**Data shown:**
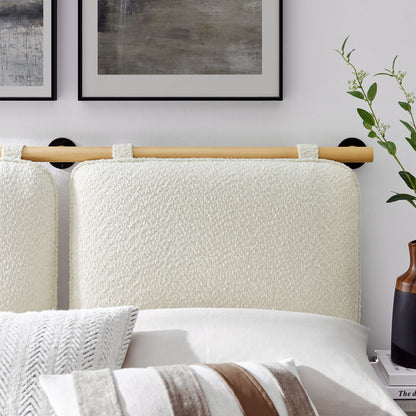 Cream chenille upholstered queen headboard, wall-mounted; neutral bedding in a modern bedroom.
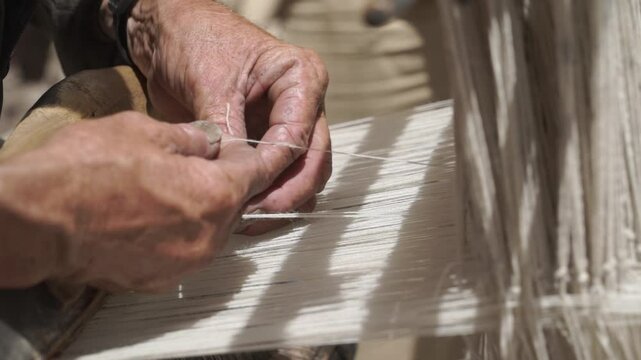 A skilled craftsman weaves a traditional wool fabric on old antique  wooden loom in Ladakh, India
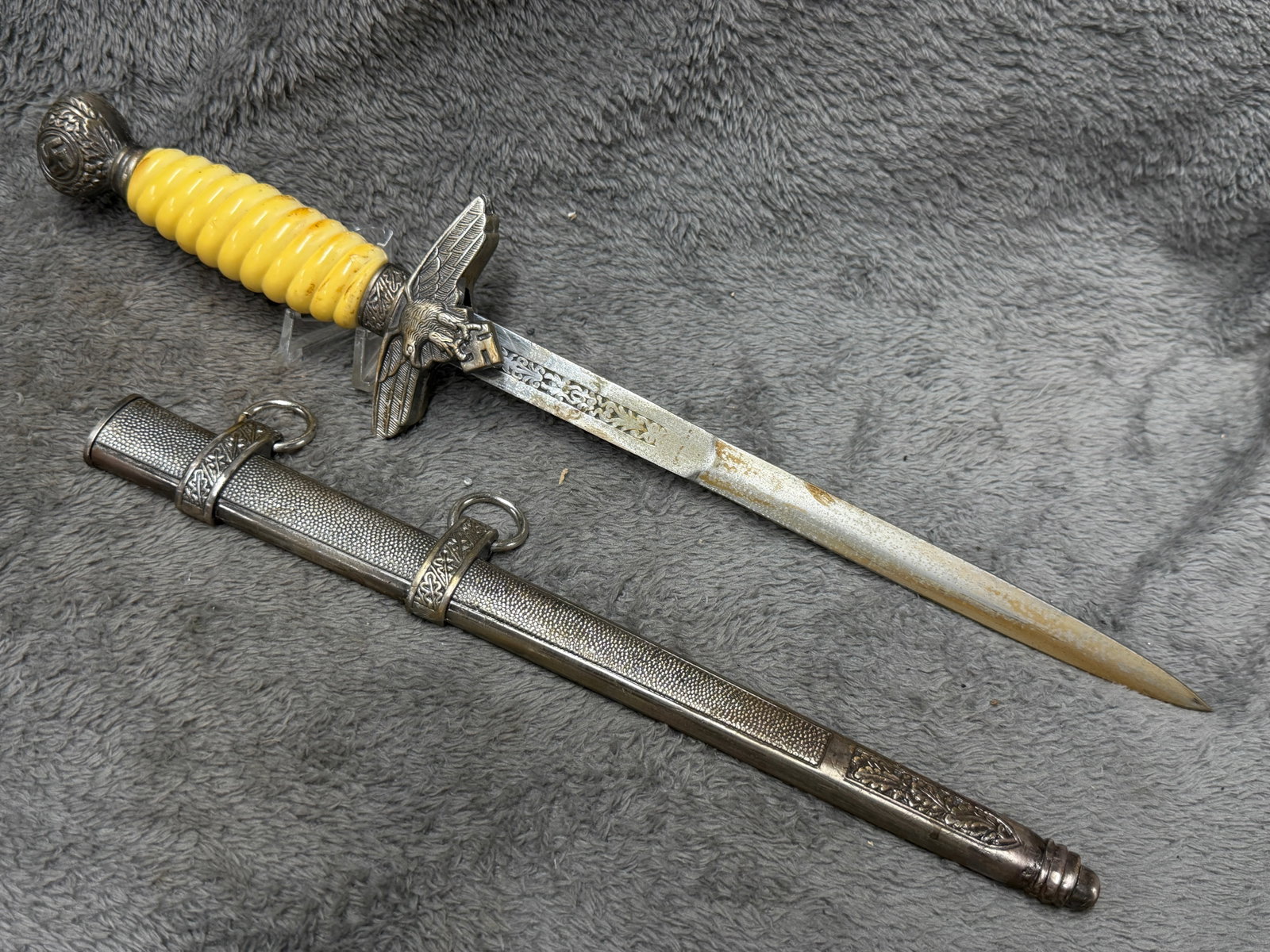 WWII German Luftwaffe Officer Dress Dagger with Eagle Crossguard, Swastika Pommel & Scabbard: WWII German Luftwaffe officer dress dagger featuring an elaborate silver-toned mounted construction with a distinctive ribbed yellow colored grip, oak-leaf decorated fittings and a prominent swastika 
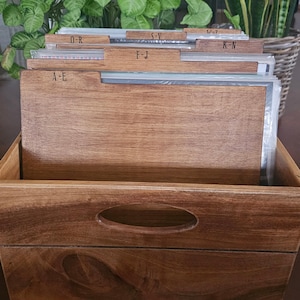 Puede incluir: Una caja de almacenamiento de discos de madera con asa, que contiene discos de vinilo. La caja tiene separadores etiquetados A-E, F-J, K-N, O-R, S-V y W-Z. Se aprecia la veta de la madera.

**Exercise instructions:**
Keep every word of the lines above unchanged in the copy, and omit the pictures.

**Your solution:**
 Cream chenille upholstered queen headboard, wall-mounted; neutral bedding in a modern bedroom.
 A skilled craftsman weaves a traditional wool fabric on old antique  wooden loom in Ladakh, India
 WWII German Luftwaffe Officer Dress Dagger with Eagle Crossguard, Swastika Pommel & Scabbard: WWII German Luftwaffe officer dress dagger featuring an elaborate silver-toned mounted construction with a distinctive ribbed yellow colored grip, oak-leaf decorated fittings and a prominent swastika 
 Puede incluir: Una caja de almacenamiento de discos de madera con asa, que contiene discos de vinilo. La caja tiene separadores etiquetados A-E, F-J, K-N, O-R, S-V y W-Z. Se aprecia la veta de la madera.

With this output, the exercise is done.